ワキガは手術で治療できるってホント?
汗をかくと独特のニオイが気になるワキガ……悩んでいる人も多いと思います。
日本人の場合約10人に1人の人がワキガ体質で、元々ニオイに敏感な国民性もあり、ワキガに悩む人が少なくないのです。
ワキガを改善するために、皆さんも様々な工夫をしているはずです。
制汗剤やデオドラント用品を使ったり、中にはサプリメントを服用している人もいるかもしれません。

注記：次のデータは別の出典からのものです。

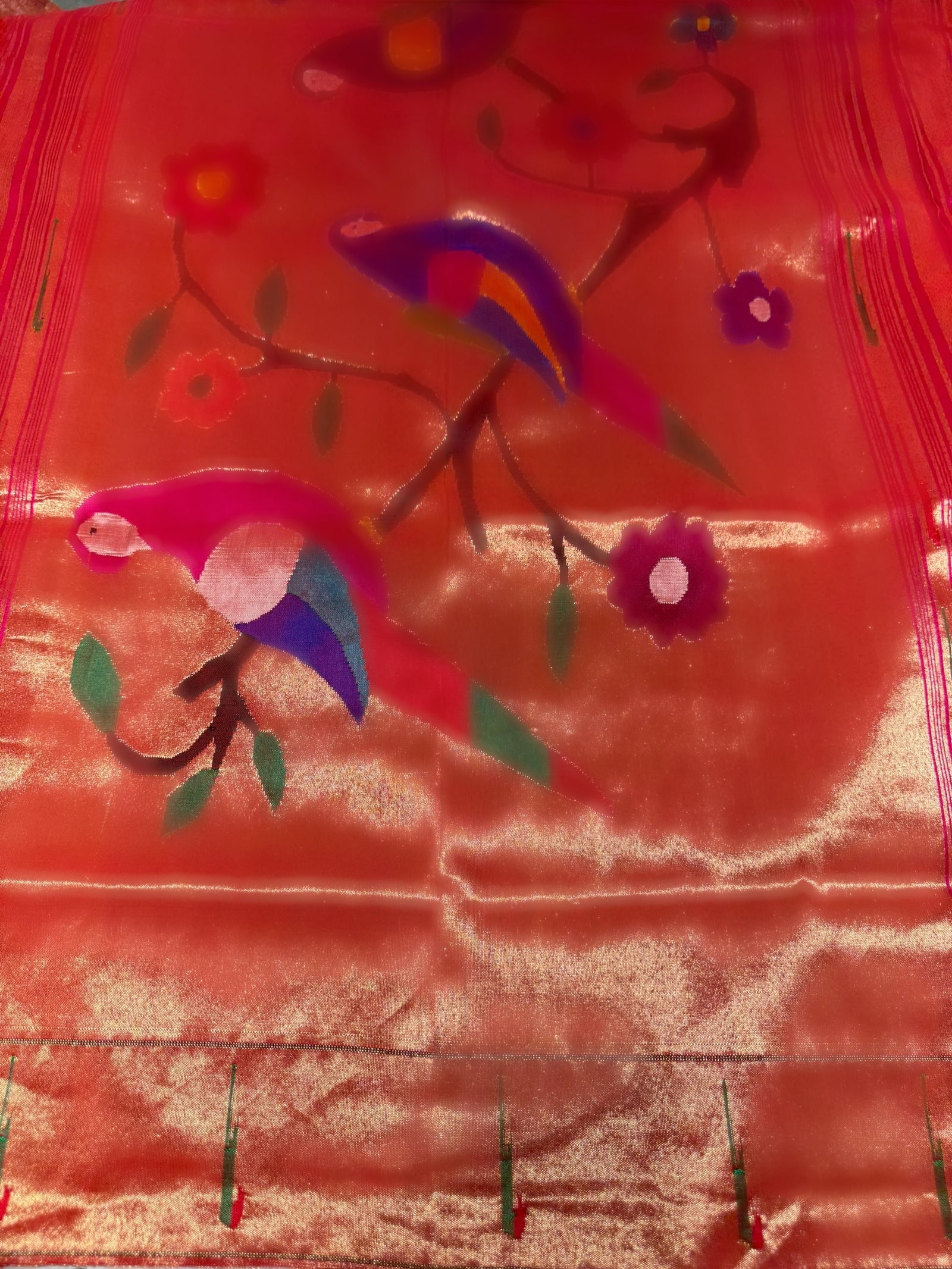 Rani Pink Pure handloom paithani tissue stripes saree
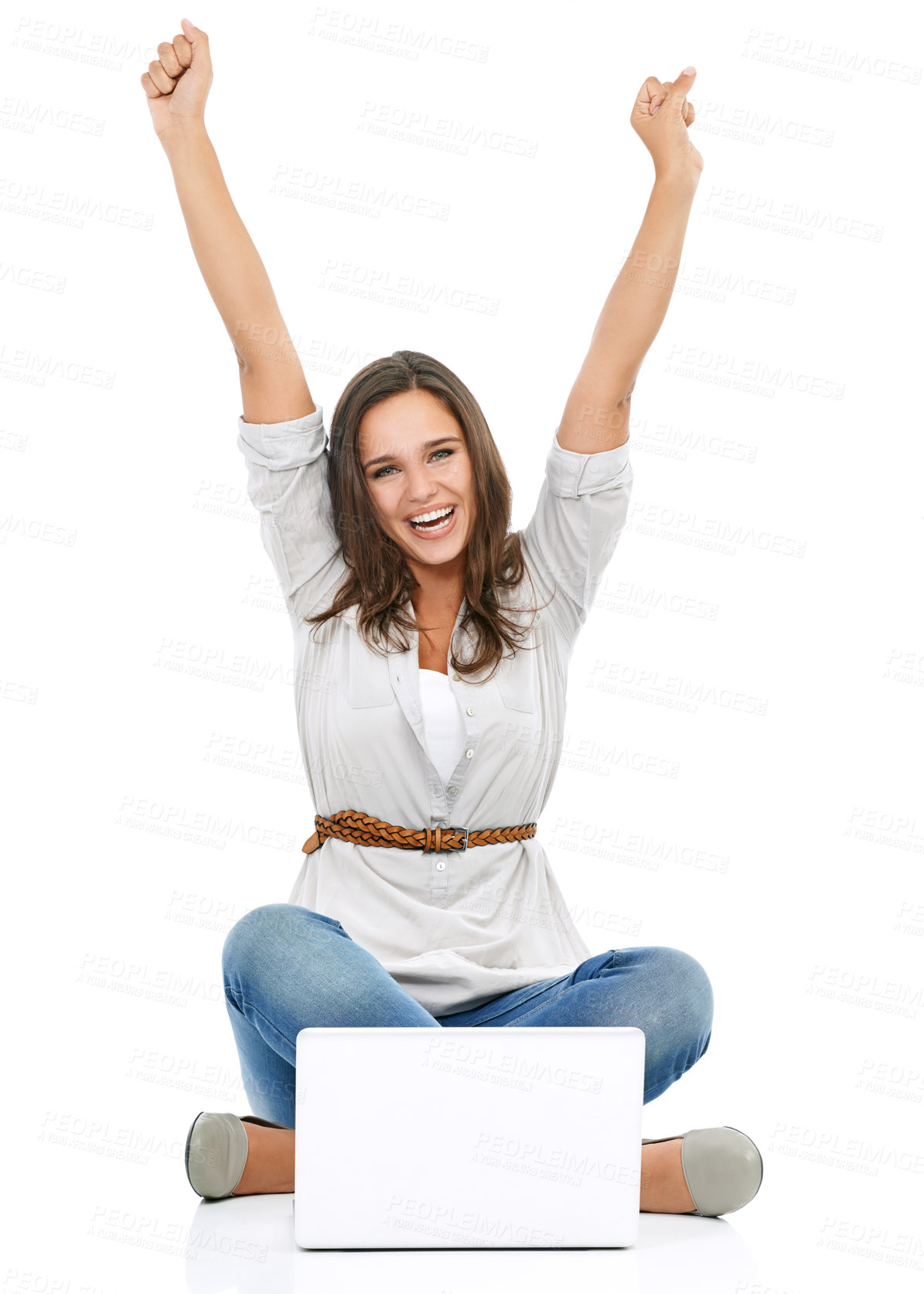 Buy stock photo Laptop, celebration and portrait of a happy woman in a studio after winning an online game. Happiness, celebrate and excited female model or winner with a computer isolated by a white background.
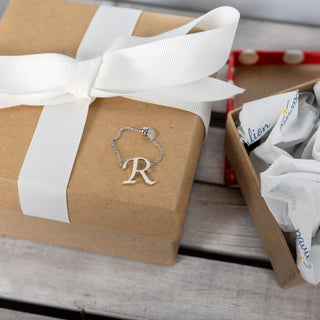 R Adjustable Rhodium Plated Monogram Ring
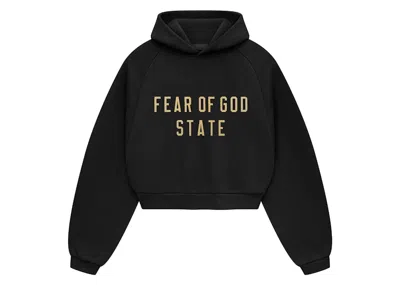 Pre-owned Fear Of God Essentials Womens Fleece Cropped Hoodie In Black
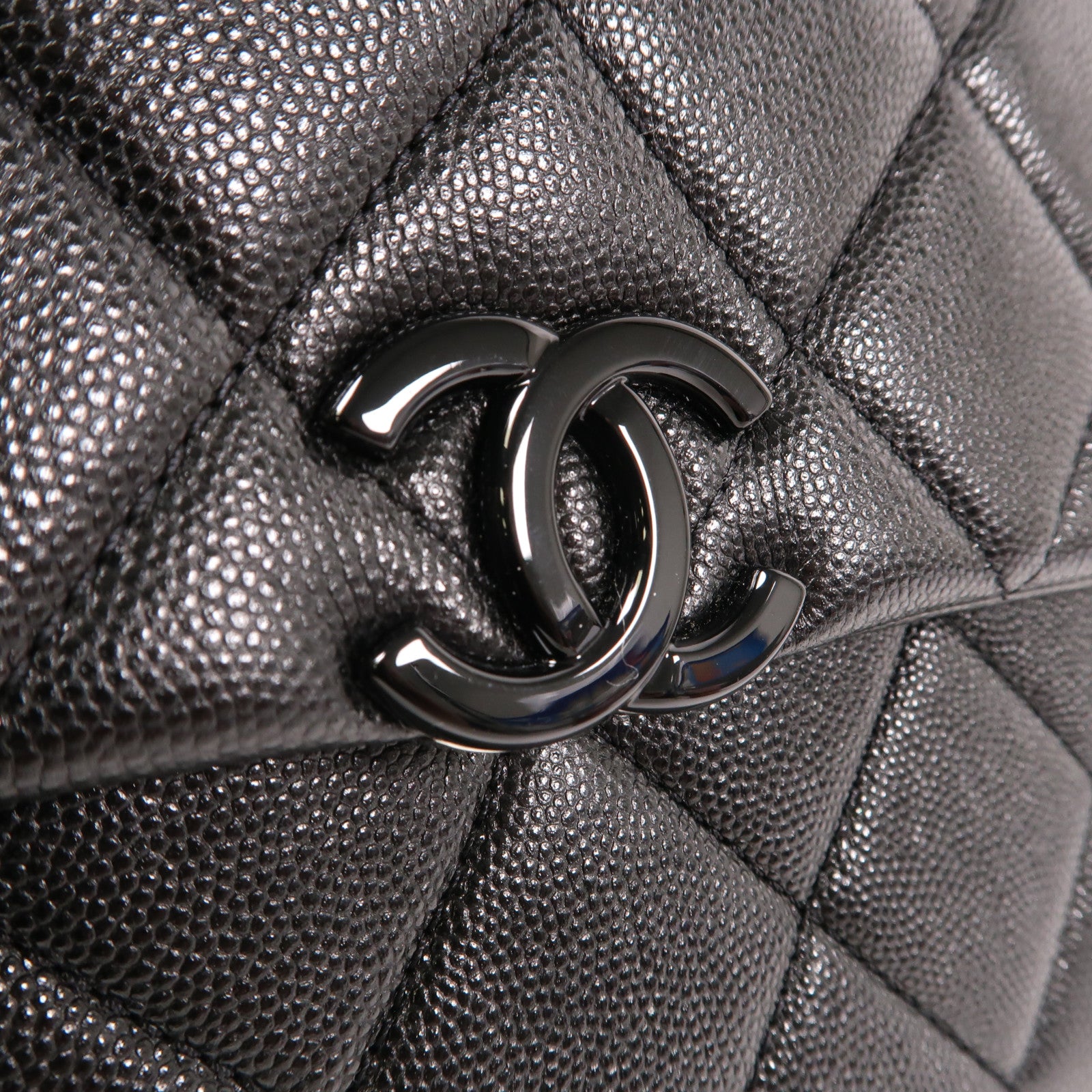 CHANEL 菱格牛皮皮革Chain Shoulder鏈帶肩背袋黑色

しかし、根本的に解決できていないのではないでしょうか?
ワキガは基本的に体質によるものです。
わきの下にある「アポクリン汗腺」の数によってワキガが気になるか否かが決まると言われています。
私たちが普段かく汗は「エクリン汗腺」というところから分泌されます。
エクリン汗腺から出る汗はサラサラしていて、特にニオイはありません。
しかし、アポクリン汗腺から出る汗はベタついていて、脂肪分やたんぱく質などを含んでいます。
このアポクリン汗腺から出る汗が、雑菌によって分解されるときにあの嫌なニオイが発生してしまうのです。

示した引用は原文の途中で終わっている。